Imprimer cette page

La parole aux sans voix

La parole aux sans voix AFP.

Imaginez des institutions putréfiées gangrenées par la corruption effrénée, un establishment moisi, pourri, vorace et indéracinable… dans un pays miné par un confessionnalisme absurde et primaire, des querelles de politicaillons sans aucune envergure, corrompus et corrupteurs, et une mafia au pouvoir, tellement dédaigneuse de ses citoyens qu’elle pensait pouvoir les maintenir dans un état comateux en les noyant impunément sous des amas de détritus. Voilà une capture d’écran du Liban d’hier!

Le coup de gueule général déclenché à l’unisson contre la classe politique polluée et polluante a fini par résonner sur les places et dans la rue. Le réveil des Libanais fait aujourd’hui l’effet d’un tremblement de terre pour ceux-là même qui ont mené le pays au désastre politique, financier, social, économique et environnemental dans lequel il se débat depuis des décennies. Au final, les citoyens indignés, révoltés, ont réussi à dépasser les clivages confessionnels et sociaux, à tourner le dos à leurs médiocres leaders traditionnels pour hurler leur ras-le-bol, pour esquisser un nouvel imaginaire collectif prometteur et promoteur de vrai changement.

Peu importe le comment et le pourquoi, peu importe l’hétérogénéité des slogans… En s’exprimant haut et fort, tous les sans voix ont déclenché les cauchemars des «princes irresponsables» responsables de la déliquescence de ce petit pays si attachant qu’ils ont défiguré.
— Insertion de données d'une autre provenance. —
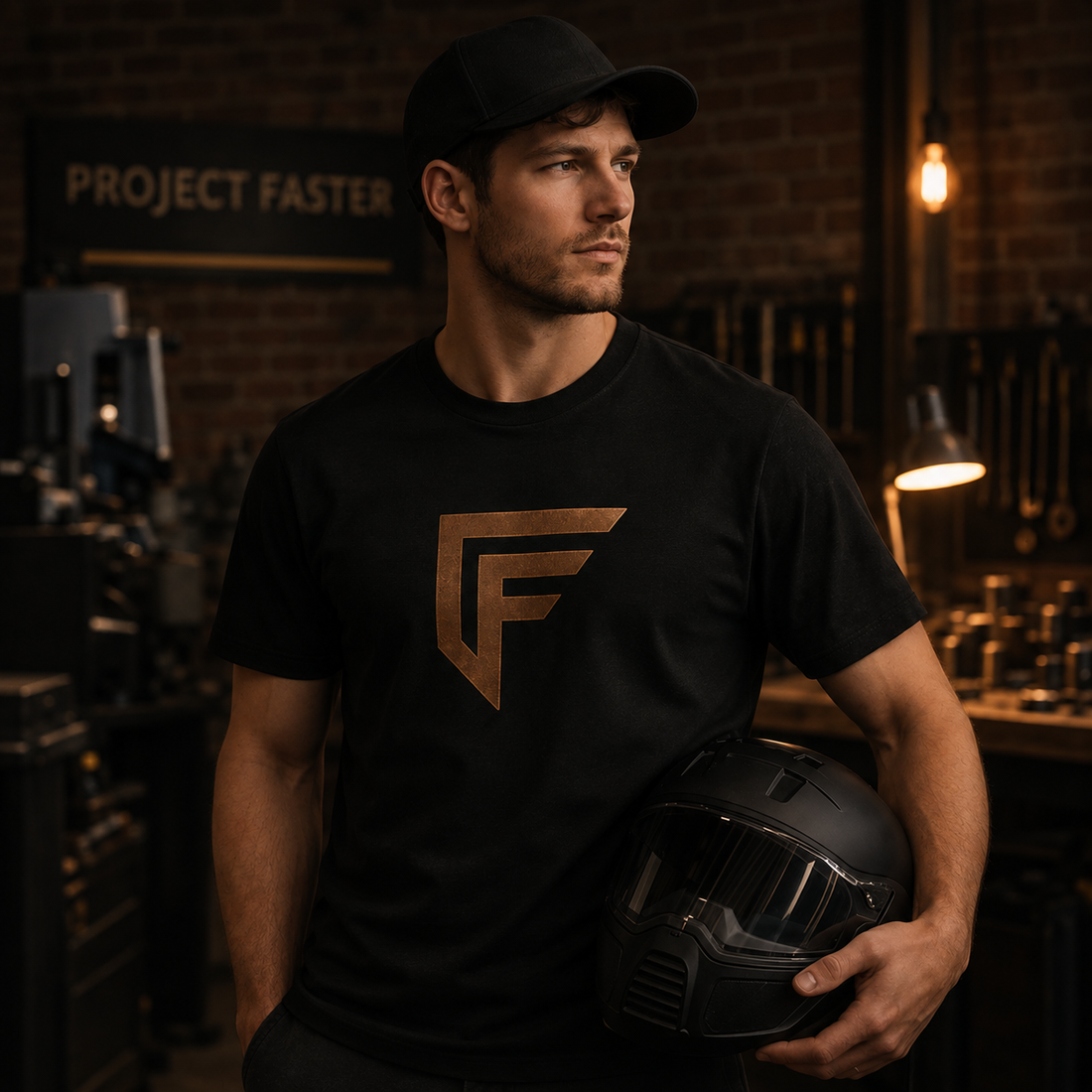 PF Men&
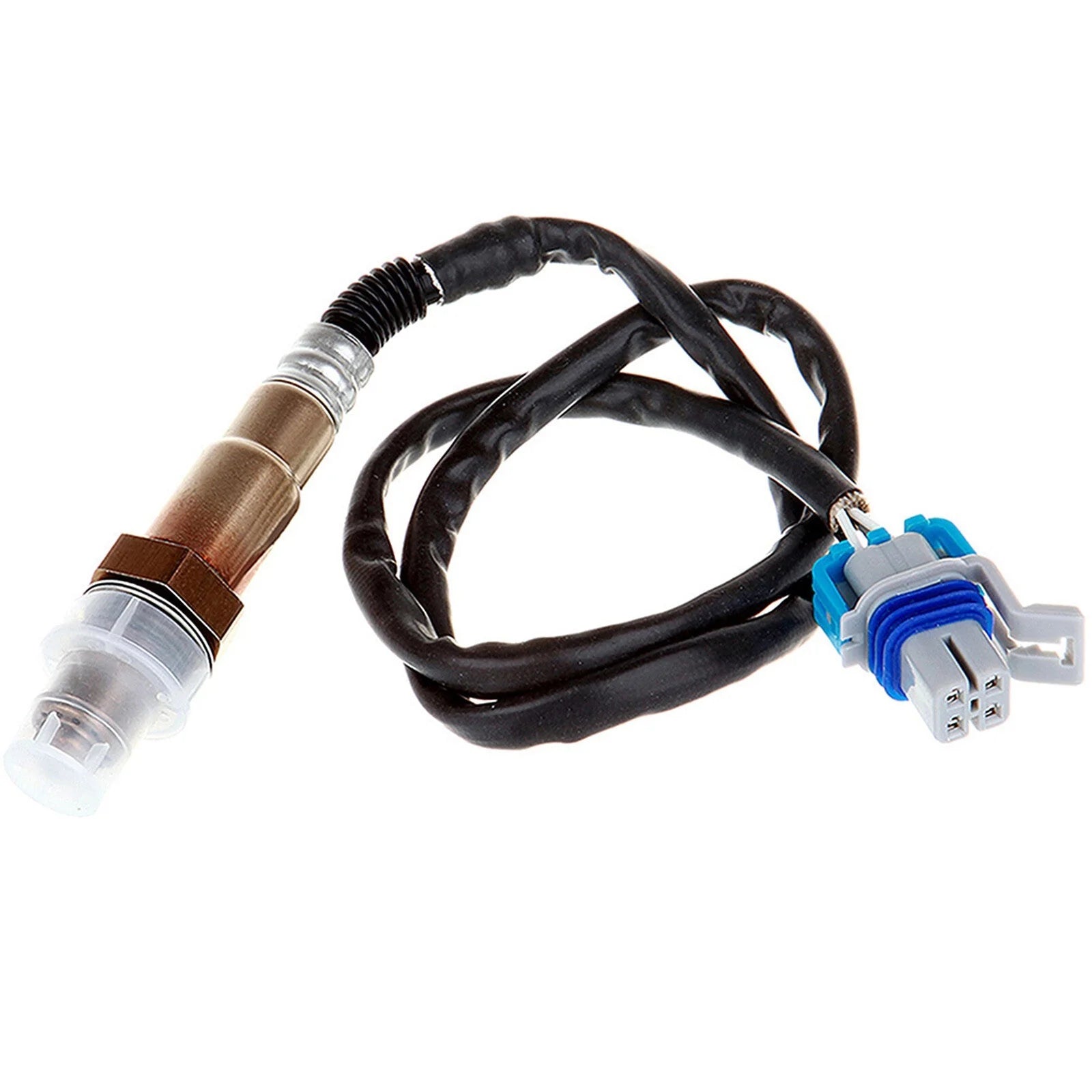 4pcs for Chevy Silverado GMC Sierra 1500 2003-2006 Oxygen Sensor O2 Front+Rear KOEEP [4]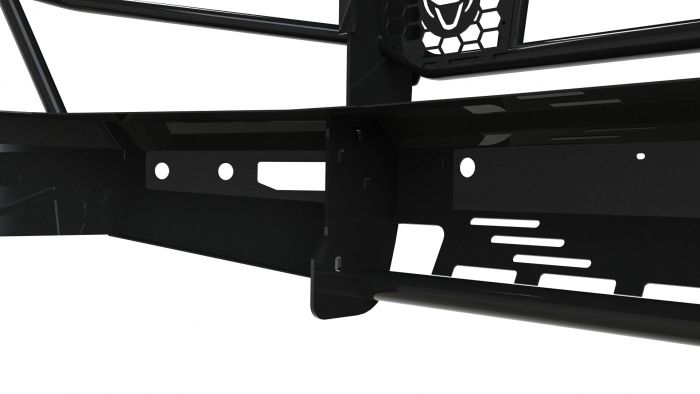 Ranch Hand Summit Grille Guard / Front Bumper - image 4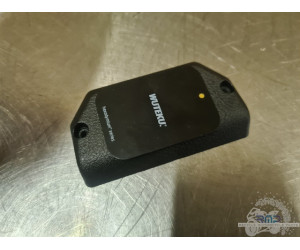 Cacheplast Aprilia ETV 1000 Caponord 2004 a 2012 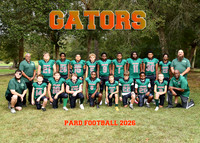 5x7 coach palmer team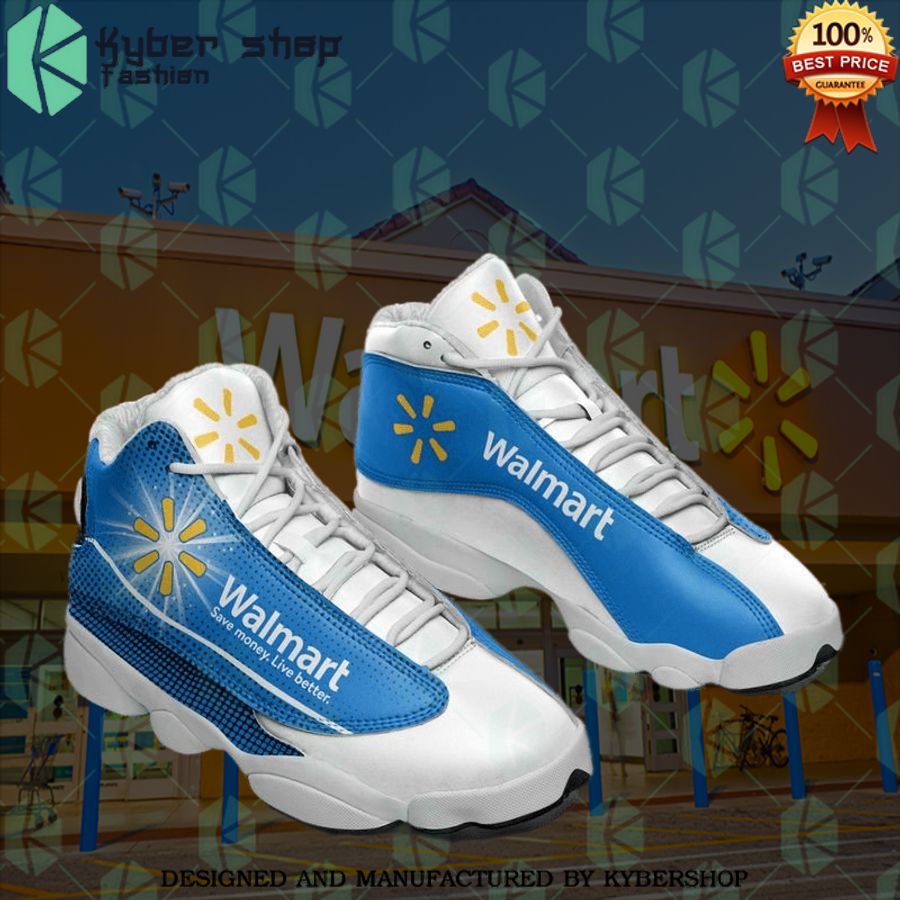 walmart logo air jordan 13 sneaker shoes 1 134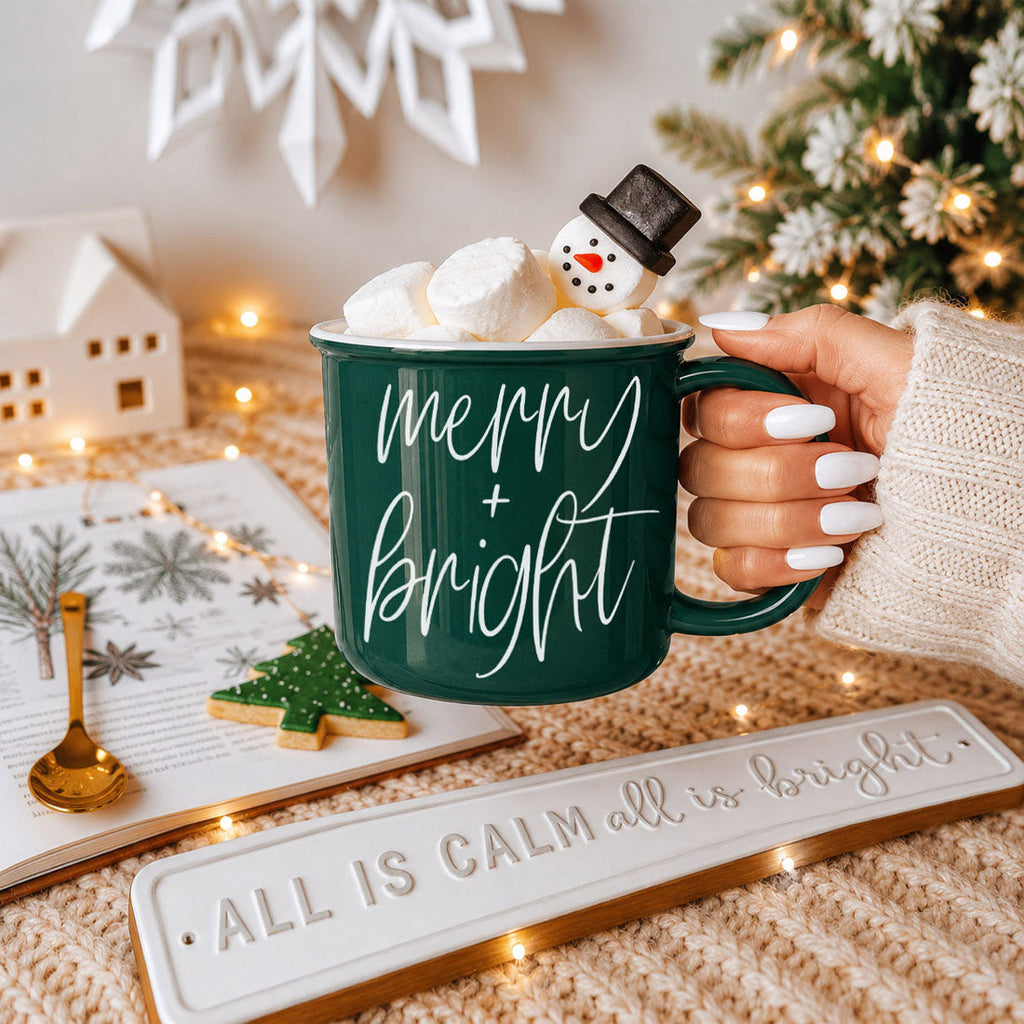 Merry & Bright PRE-ORDER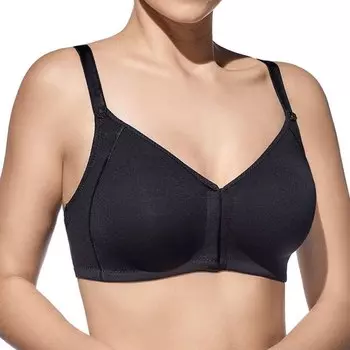 Бюстгальтер Selene Marta, черный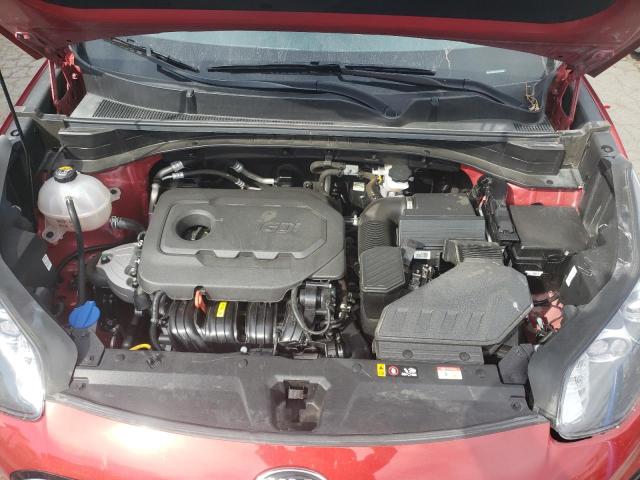 Kia Sportage l 2021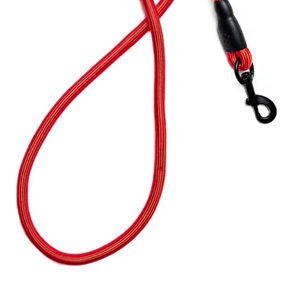 Bark Appeal 6 Foot Dual Handle Rope Leash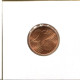 2 EURO CENTS 2004 GERMANY Coin #EU140.U.A - Germania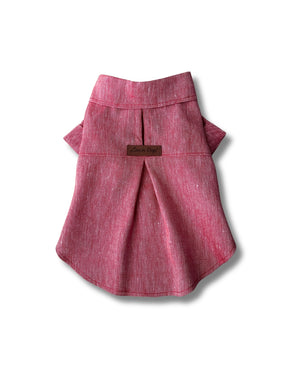 blush-linen-shirt-classic-keten-kopek-gomlegi-loveindogs
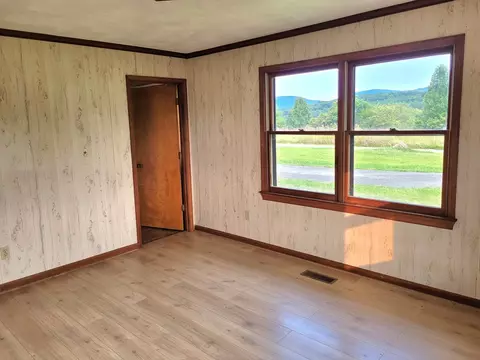 Bedroom - 3417 Virgil H Goode Hwy, Rocky Mount, VA 24151 photo 1 of 4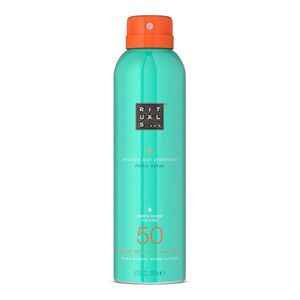 RITUALS - The Ritual of Karma Sun Protection Milky Spray SPF 50 - Mléčný opalovací sprej obraz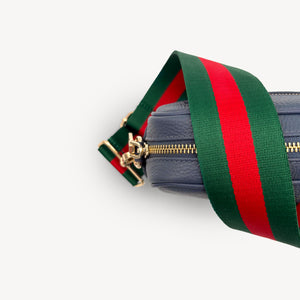 Green & Red Stripe Strap thumbnail-image-25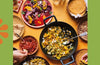 Sobremesa: Tasty Mexican Recipes for Every Day by Susana Villasuso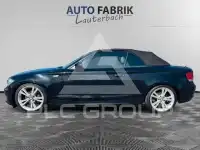 2009 BMW 120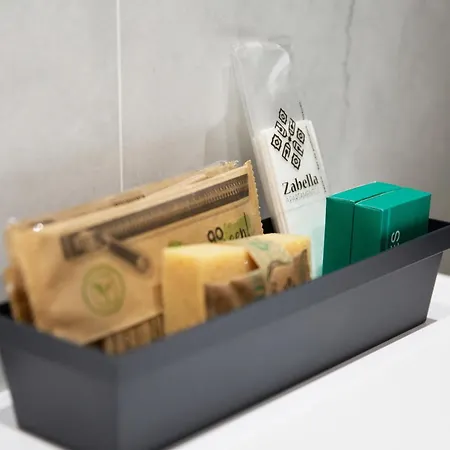 Zabella Moreria - Nuevo Con Vistas * Сарагоса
Malgré les débordements, malgré la colère et les tensions, malgré les tentatives de sabotage du mouvement, cette prise de conscience collective ne peut être que salvatrice même si les poubelles continuent à joncher les rues et les versants des montagnes, même si les dans les hautes sphères personne ne semble avoir saisi qu’il est désormais impossible que le Liban de demain puisse s’apparenter à celui d’hier.